** out of ****
Directed by: Jay and Mark Duplass
Starring: Jason Segal, Ed Helms, Susan Sarandon, Judy Greer and Rae Dawn Chong
Running time: 84 minutes
Jeff, Who Lives at Home is a slight indie with modest charm that, like its drifting stoner protagonist, aims to be average. It succeeds on that level.
The title character is a happy shlump played with gawky sweetness by Jason Segal. Beyond locking himself in his mother’s basement to smoke weed, watch infomercials and avoid any form of work, Jeff is deeply interested in destiny and happenstance.
Jeff believes that series of random occurrences will eventually surmise into a moment of perfection. He would rather leave his own life’s path to faith than his own actions.
One afternoon, dressed in a dark grey sweatshirt and baggy shorts, destiny calls Jeff out of hibernation. Aimlessly drifting through Baton Rouge, he bumps into his brother, Pat (Ed Helms).
Although Pat is married and employed, he has not noticed that his wife, Linda (played by Judy Greer, charting similar territory to her recent turn in The Descendants), is unsatisfied with him. Pat has kept a closer eye on his bank account and recently bought a Porsche Boxster without Linda’s approval. He hears the brunt of her disgust regarding the two-seater over cereal.

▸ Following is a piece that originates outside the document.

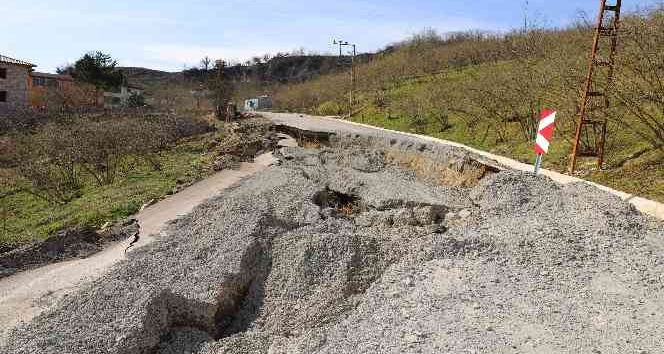 Ordu’da 256 yol ağında heyelan meydana geldi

Pat and Jeff do not get along, rarely see each other and have different outlooks on life – Pat is a pragmatist and Jeff an idealist. However, the brothers both shut out females who are close to them: Pat with Linda, and Jeff with his mother, a bored, cubicled near-retiree played by Susan Sarandon, whose subplot regarding a secret admirer is thin but amusing.

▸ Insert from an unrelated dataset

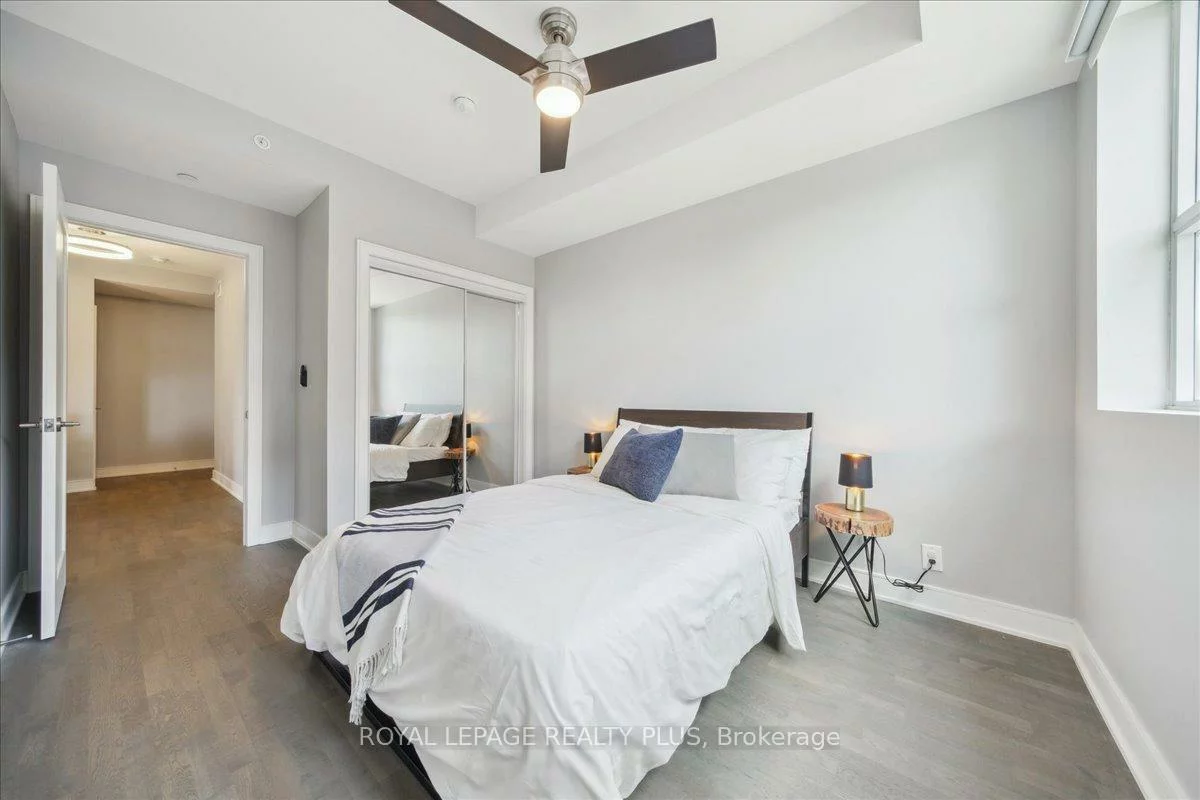 1575, Lakeshore, Clarkson, Mississauga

This exercise in ponderous ordinariness comes from the Duplass Brothers, whose films, like the ignored 2010 gem Cyrus, are stripped down yet awkwardly endearing comedy-dramas.
The Duplasses do not shoot their scenes as much as place the camera down and play around with the zoom button. Sometimes their reliance on this technique helps to get a sardonic reaction shot. In other times, it is jittery and irritating.
The Duplasses are wry observers of human behaviour, but their script for Jeff, Who Lives at Home is standard. The casting is both a strong point and a weakness for the film. Since the actors are playing characters similar to others in their oeuvres – Segal in Forgetting Sarah Marshall, Helms on The Office – their performances feel more rehashed than revitalizing.
The film’s tone is also off-putting. We start by laughing at the meek imperfections of the brothers, but as their heads collide and the film drifts into serious territory, the film keeps its light tone.
A tranquil jingle of a musical score plays in the background of nearly every scene, regardless of the mood, making later scenes disruptively tone-deaf. This makes way for a convenient, hackneyed, falsely uplifting ending.
The conclusion aims for catharsis, but doesn't flow of the rest of the film. It is a botched, lazy attempt to redeem the characters’ misdeeds that, unfortunately, does not feel earned.